Swing joints are one way to handle this. I would not force the piping beyond the most gentle persuasion. Remember that any force you impart on a pipe will show up elsewhere in the system and you may not like the result... :I

Picture leaving the main with a nipple 45 degrees from horizontal (as an ideal). A 90 elbow on that nipple would bring the direction back to parallel with the main. A street elbow or better yet a 6 to 12-inch nipple and another 90 will allow you to again be perpendicular to the main but allow a specific pitch. A union can also be a way to adjust then "lock" the pitch to the correct degree.

I prefer longer secondary nipples to absorb some of the thermal stresses. Picture the expansion on the piping in your mind's eye as it heats up.

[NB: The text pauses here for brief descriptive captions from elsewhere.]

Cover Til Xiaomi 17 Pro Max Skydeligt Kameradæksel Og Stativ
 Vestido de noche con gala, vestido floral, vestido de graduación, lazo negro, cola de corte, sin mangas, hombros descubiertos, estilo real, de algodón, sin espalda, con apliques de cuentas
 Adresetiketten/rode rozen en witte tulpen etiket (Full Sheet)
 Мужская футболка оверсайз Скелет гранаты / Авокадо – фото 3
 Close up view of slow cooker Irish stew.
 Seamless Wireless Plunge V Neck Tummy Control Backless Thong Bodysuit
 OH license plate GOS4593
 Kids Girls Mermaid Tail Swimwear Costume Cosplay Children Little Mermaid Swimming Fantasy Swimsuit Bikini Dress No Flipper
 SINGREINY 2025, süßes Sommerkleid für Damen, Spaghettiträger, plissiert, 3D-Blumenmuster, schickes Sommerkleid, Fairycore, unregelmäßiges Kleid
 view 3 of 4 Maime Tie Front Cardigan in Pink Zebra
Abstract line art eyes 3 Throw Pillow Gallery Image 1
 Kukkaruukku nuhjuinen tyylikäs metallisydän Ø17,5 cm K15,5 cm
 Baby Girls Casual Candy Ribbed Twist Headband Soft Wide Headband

Think "springy".
"If you do not know the answer, say, "I do not know the answer", and you will be correct!"

-Ernie White, my Dad


  • Glen_7
    Glen_7 Member Posts: 82

    I have a one pipe steam system and would like to add a radiator to an unheated storage room. I already have a tap off the main available. My question is when running the pipe, I know it needs to pitch back from the radiator valve to the main. Since elbows are 90 degrees, how does one accomplish a pitch? Swing joints? A look at my current piping doesn't seem to incorporate them. Does the black pipe just allow it to be "persuaded" to pitch?
  • Glen_7
    Glen_7 Member Posts: 82


    As always, thanks for the response. One last thing, when I am at the point where I want to attach the short riser to go through the floor into the valve, and the pipe is of course pitched at that point, do I use just one elbow or is the pitch noticeable enough at that point that I need the swing joint there as well.
  • Tom Hopkins
    Tom Hopkins Member Posts: 552

    You need swing joints wherever a horizontal run connect to a riser.

    The risers should be completely vertical. The last one feeds into the bottom of the angle radiator valve.

    You can put wooden checkers under the far legs of the radiator to give it pitch to the riser, and the pipe can handle that much twist with no problem -- no swing joint necessary.